At this point, I think I should have captured the behavioral characteristics of the Trickbot organization, and The ZoomEye dork:

“HTTP/1.1 403 Forbidden” +”Server: nginx” +”Content-Length: 9" +”Issuer: C=AU,ST=Some-State,O=Internet Widgits Pty Ltd”

https://www.zoomeye.org/searchResult?q=%22HTTP%2F1.1%20403%20Forbidden%22%20%2B%22Server%3A%20nginx%22%20%2B%22Content-Length%3A%209%22%20%20%2B%22Issuer%3A%20C%3DAU%2CST%3DSome-State%2CO%3DInternet%20Widgits%20Pty%20Ltd%22

I noticed that there are some nuances in these banners, such as some “Connection: close” and some not.
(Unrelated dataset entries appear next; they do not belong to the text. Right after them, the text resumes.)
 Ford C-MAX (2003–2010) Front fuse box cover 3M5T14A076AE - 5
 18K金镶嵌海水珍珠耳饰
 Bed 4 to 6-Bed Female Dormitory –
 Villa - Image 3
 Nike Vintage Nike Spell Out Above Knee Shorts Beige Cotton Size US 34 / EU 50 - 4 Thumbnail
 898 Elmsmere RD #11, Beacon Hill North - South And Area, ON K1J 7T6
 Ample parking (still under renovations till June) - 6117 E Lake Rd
So in order to verify whether this is a necessary behavior feature, I tested all the results with “Connection: close”.

A total of 172 pieces of data, and then I detected these IP data through virustotal, and found that 126 of them have Malicious tags, so the hit rate in virustotal: 126/172=73%.

Through this practice, I have reason to believe that behavior mapping is very effective, and many new IPs that have not been marked as malicious have been captured. For those IPs that have been marked, only a small number of IPs have been marked as owned by the Trickbot organization. This behavior Mapping can also help us classify malicious IP owners.

As we all know, the traditional intelligence analysis of malicious organizations such as APT and botnets relies on the analysis of malicious program samples. This is a passive method. The IoCs obtained are limited and it is easy to miss some C2 IP addresses. Therefore, through cyberspace “behavior mapping”, all C2 addresses used by target malicious organizations can be actively tracked and captured.

Then we can combine our “dynamic surveying and mapping” concept and use the function of ZoomEye data subscription (https://www.zoomeye.org/profile/subscribe ) to dynamically monitor the server equipment used by malicious organizations such as APT and botnets.

Finally, I want to mention that today I saw a piece of news about “TrickBot gang member arrested after getting stuck in South Korea due to COVID-19 pandemic”, so I am not sure if my article can be read by them :)

Thanks to everyone, happy searching for using ZoomEye!